Personal information
- Nationality: Indian
- Born: 2 April 1990 (age 36) Meerut, Uttar Pradesh, India
- Occupation: Judoka
- Weight: 62 kg (137 lb)

Sport
- Country: India
- Sport: Judo
- Coached by: JG Sharma, AC Saxena

Medal record
Representing India
South Asian Games
| Gold medal – first place | 2019 Kathmandu/Pokhara | 70 kg |

Profile at external databases
- IJF: 370
- JudoInside.com: 43383

= Garima Chaudhary =

Indian judoka (born 1990)

Garima Chaudhary (born 2 April 1990) is an Indian judoka. She was India's sole judoka at the 2012 London Olympics, competing in the Women's (63 kg) category.

== Childhood and early training ==
Born to parents hailing from a middle class family, Chaudhary was inclined to sports during her childhood. She was good at sports such as kabaddi, athletics and cricket. While the father of Chaudhary remained concerned about her education, her mother continued to encourage her interest in sports. She represented her native state of Uttar Pradesh initially. Due to lack of suitable support from the state's sports association, she began representing Haryana in national-level competitions.

Since 2004, Chaudhary has been training with Jiwan Sharma and Divya Sharma at Patiala-based National Institute of Sports. Due to lack of proper facilities, she had to practice with boys. Chaudhury found this to be a good way to train. Sharma says that attributes such as self-belief, hard work and a winning attitude are Chaudhary's strengths.
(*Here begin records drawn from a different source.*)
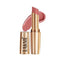 Lakme 9TO5 Primer + Matte Lipstick|Blushing Nude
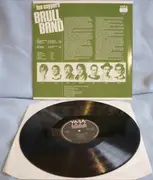 LP - Leo Cuypers - Brull Band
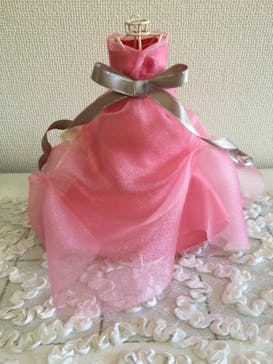 ブルーベルフラワーセラピーアカデミーに投稿された画像（2019/1/25）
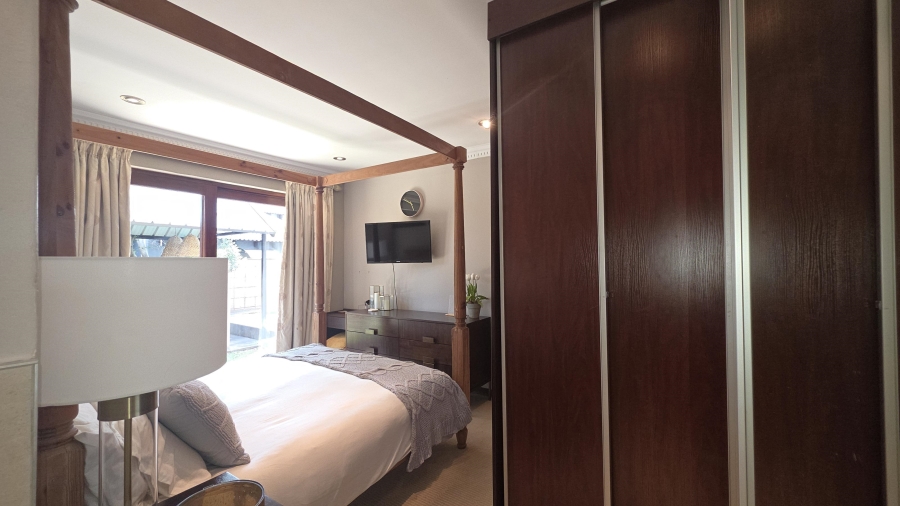 3 Bedroom Property for Sale in Eldo Manor Gauteng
== 2012 Summer Olympics ==
She participated at the 2011 World Judo Championships held in Paris and at the World Cup as a part of her qualification for the 2012 Summer Olympics. At the 2012 Asian Judo Championships held in Tashkent, she finished seventh in the 63 kg category. As a result of her performances, she earned 34 points and the eligibility to represent India at the London Olympics.

In order to prepare for the Olympics, Chaudhary trained in Germany and France. She underwent a more competition-oriented training, studied her opponents, and focused on specific fitness aspects.

In the first elimination round of the Women's (63 kg) category at the 2012 London Olympics, Chaudhary was defeated by Yoshie Ueno by an Ippon in 81 seconds. Although this ended her challenge at the Olympics, India's sports administrators felt that she is a good medal prospect at the Glasgow Commonwealth Games and the Incheon Asian Games - both in 2014.

At the 2014 Commonwealth Games, Chaudhary reached the quarter finals.

In South Asian Games 2019. She won gold medal in Women's 70 kg weight class.

Chaudary competed in the 2023 Asian Games. She also competed in several other competitions in 2023 as well as the Tashkent Grand Slam in February 2024.